Davante Adams was a force to be reckoned with in 2020. The Green Bay Packers No. 1 ranked first among wide receivers in PFF receiving grade (92.2), second in receptions, fourth in yards and first in touchdowns, all despite missing two games and change to injury.
Adams has a credible claim to being one of the most important players in the NFL to his respective offense, yet you’ll rarely hear his name mentioned above other non-quarterbacks in MVP conversations.
An obvious answer for why Adams and other receivers are touted for their incredible value is the difficulty assessing that value. If intuition tells us the passing offense belongs to the quarterback and the rushing offense to the running back, the other key pieces of each offensive phase are easy to overlook.
At PFF, we’ve taken a few stabs at putting hard numbers around wide receiver value, including the grades-based method we develop for all positions with PFF WAR. Adams accounted for more wins than any receiver in 2020 (0.87), which isn’t surprising based on his league-high PFF receiving grade. But while WAR is a fantastic measure for comparing across positions by denominating value in wins, it is somewhat limited in the scope of inputs driving its assessment.
I developed PFF Plus-Minus last year as a means for incorporating many measures of receiver play outside of grades, including per-route targets, yards, touchdowns, yards per reception and average depth of target, which reveal how the receiver generated his production.
The backbone of PFF Plus-Minus is off- and on-the-field splits for receivers. These splits for individual receivers can be extremely noisy. Some players don’t miss enough time to give meaningful off-the-field splits, and differing levels of receiver groups can enhance or mute the effects of taking a particular receiver out of the rotation.
The solution PFF Plus-Minus uses for reducing the noise in a single plus/minus split is growing the sample. While we can’t grow one player’s sample, we can find that player’s closest counterparts and add their numbers to the sample. PFF Plus-Minus grows samples through player clustering and then iterates on the process with small tweaks to ensure a broad cross-section of comps is available for every player. You can find the details on the methodology here.

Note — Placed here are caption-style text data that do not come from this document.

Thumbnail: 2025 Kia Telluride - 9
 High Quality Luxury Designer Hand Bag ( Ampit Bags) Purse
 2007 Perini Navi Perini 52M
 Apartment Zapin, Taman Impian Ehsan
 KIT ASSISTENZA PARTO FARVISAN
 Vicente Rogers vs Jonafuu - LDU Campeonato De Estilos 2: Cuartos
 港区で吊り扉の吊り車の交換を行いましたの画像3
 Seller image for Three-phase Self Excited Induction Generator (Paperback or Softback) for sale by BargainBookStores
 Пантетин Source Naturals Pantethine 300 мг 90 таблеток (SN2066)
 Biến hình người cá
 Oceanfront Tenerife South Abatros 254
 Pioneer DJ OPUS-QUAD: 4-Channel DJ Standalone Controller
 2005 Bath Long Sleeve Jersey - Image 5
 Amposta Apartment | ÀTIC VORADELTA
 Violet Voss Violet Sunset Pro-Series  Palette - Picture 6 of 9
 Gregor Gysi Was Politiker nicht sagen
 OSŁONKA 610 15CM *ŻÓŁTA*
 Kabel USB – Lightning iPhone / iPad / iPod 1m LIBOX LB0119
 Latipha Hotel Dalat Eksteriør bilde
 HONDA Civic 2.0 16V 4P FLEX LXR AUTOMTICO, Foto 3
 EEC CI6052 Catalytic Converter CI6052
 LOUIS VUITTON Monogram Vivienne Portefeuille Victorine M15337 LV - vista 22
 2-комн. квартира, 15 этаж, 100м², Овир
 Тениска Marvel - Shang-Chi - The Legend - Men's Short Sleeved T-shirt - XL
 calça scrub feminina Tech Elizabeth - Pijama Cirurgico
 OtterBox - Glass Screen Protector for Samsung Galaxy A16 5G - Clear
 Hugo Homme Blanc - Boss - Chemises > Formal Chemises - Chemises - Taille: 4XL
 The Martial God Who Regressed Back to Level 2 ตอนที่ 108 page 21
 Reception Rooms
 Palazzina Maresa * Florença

As I’ll describe below, PFF Plus-Minus confirms WAR’s conclusion that Adams was the most valuable receiver in 2020 but goes further in placing his greatness at the top of all receiver seasons we’ve seen in the PFF era (2006-2020).
Visualizing the receiver seasons
As part of the earlier PFF Plus-Minus introduction, I plotted one of the thousands of sets of clusters used in the calculation to assess receiver value. The plot measures receiver seasons on the basis of the two primary principal components for clustering.
The plot highlights 12 different receiver-seasons, one from each of the 12 clusters. The dashed directional lines show how the different features are represented in the plot. Targets per route and routes per game are highest for receivers further toward the upper right, production-based figures like yards and touchdowns per route extend to the direct right and qualities associated with deep threats, such as yards per reception and average depth of target, flow downward.